The Co-operative Group has today announced plans to create 3,000 jobs in the legal sector over the next five years as it laid out its ambitions to create the largest consumer law business in the country.
The Co-op – which received its alternative business structure licence in March – has confirmed that it will extend its current trial of legal services and funeral planning services through 30 branches of The Co-operative Bank and Britannia to encompass all 330 high street branches.
Around 90% of the new jobs will be fee-earner roles and it said legal apprenticeships and opportunities for study leave will form an important part of the recruitment drive. Co-operative Legal Services (CLS) is already one of the largest employers of chartered legal executives in the country.
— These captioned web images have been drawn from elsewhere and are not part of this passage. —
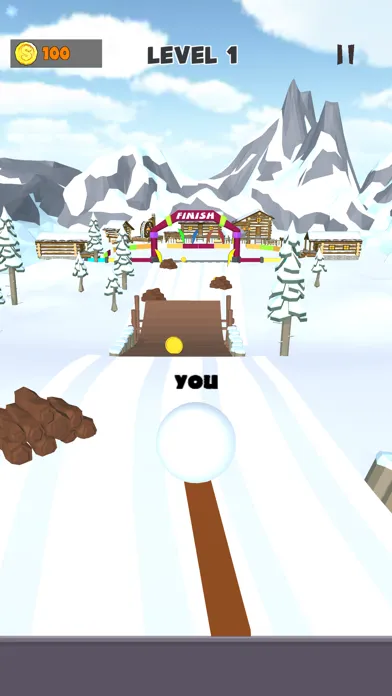 Snow Race 3D: Snowball io स्क्रीनशॉट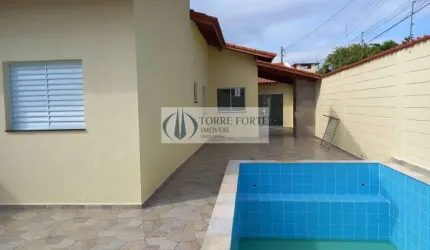 Linda casa na praia 2 dormitórios 1 suíte com piscina e 4 vagas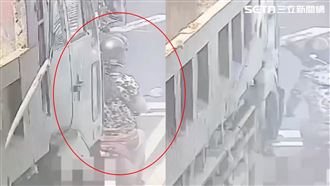 身體涼半截…砂石車撞人「失重心險遭輾」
Group chief executive Peter Marks said that CLS, which currently operates out of Bristol employing around 450 people, would open five regional hubs across England and Wales over the next five years.
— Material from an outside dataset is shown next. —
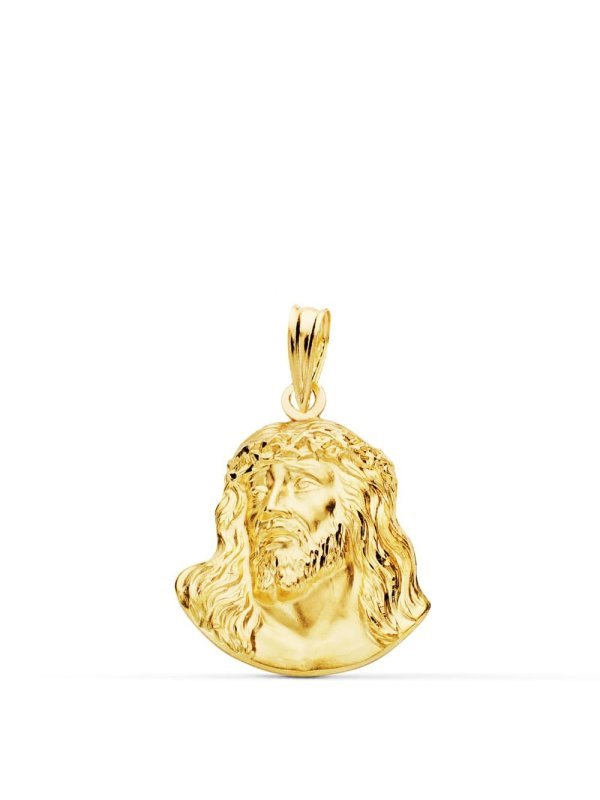18K CABEZA CRISTO DE MURILLO 20X16 MM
This is in addition to the new family law operation which will launch in London later this year.
Mr Marks said: “We already have a first-class reputation for delivering professional services. We see the law as yet another area where a Co-operative solution can be successfully applied for the customer’s benefit. Over the next five years we want to fundamentally change the face of legal services and make access far easier – today’s announcement underlines that ambition.”
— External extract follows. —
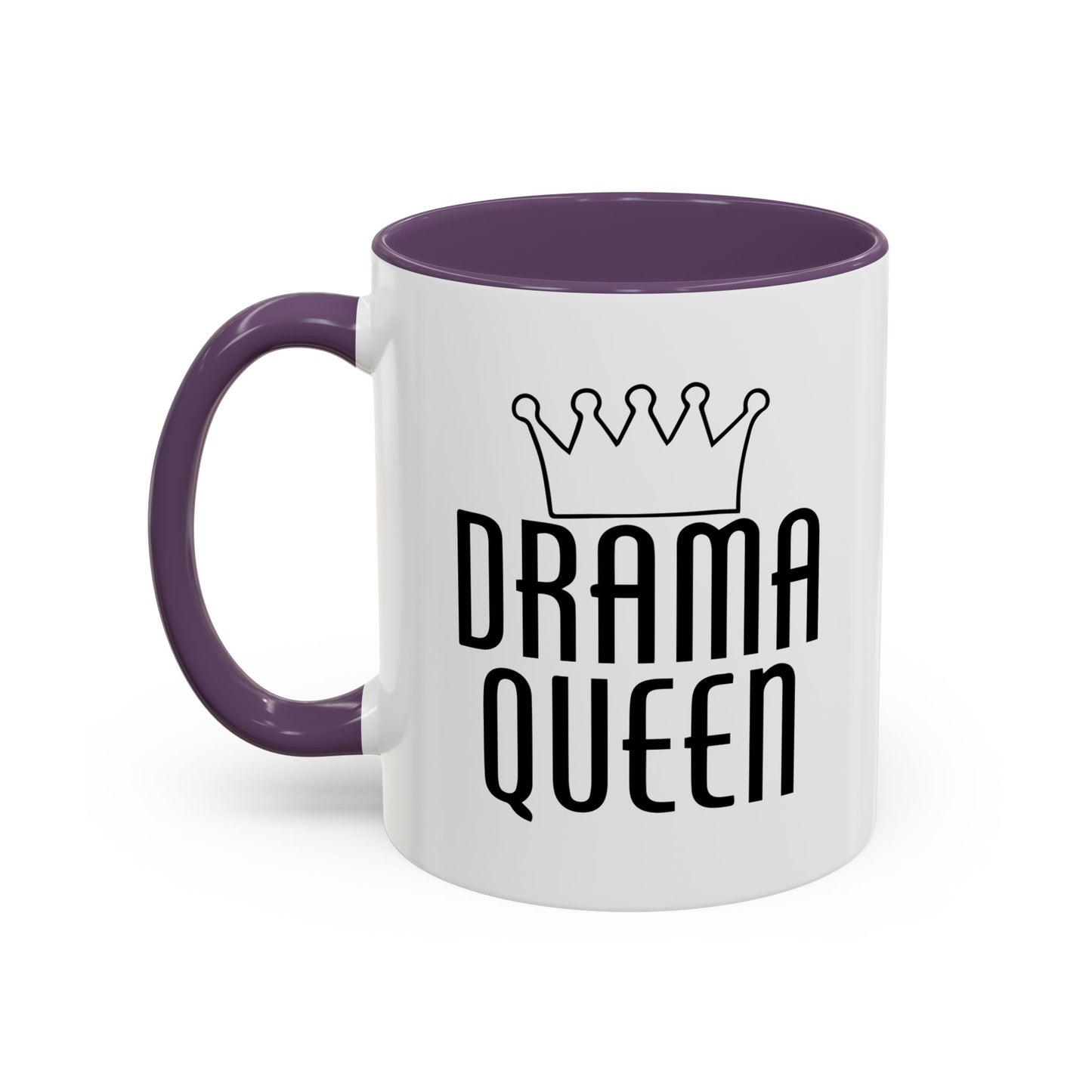 DRAMA QUEEN Accent BiColor Funny Sarcastic Mug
Mr Marks said CLS’s ambition is to provide a service “that will stop people feeling daunted by the prospect of having to work with a solicitor”.
He continued: “We believe that the presence of The Co-operative’s trusted brand and values, our UK-wide branch network, first class people and services together with fair and fixed pricing options, will enable customers to find it much easier to access expert legal advice from someone they trust.”
CLS is already among the 100 largest law firms in the country by turnover, although its 2011 results did not specify how much it had increased on the 2010 figure of £24.2m. However, it reported that profits jumped 15% to £4.5m in 2011.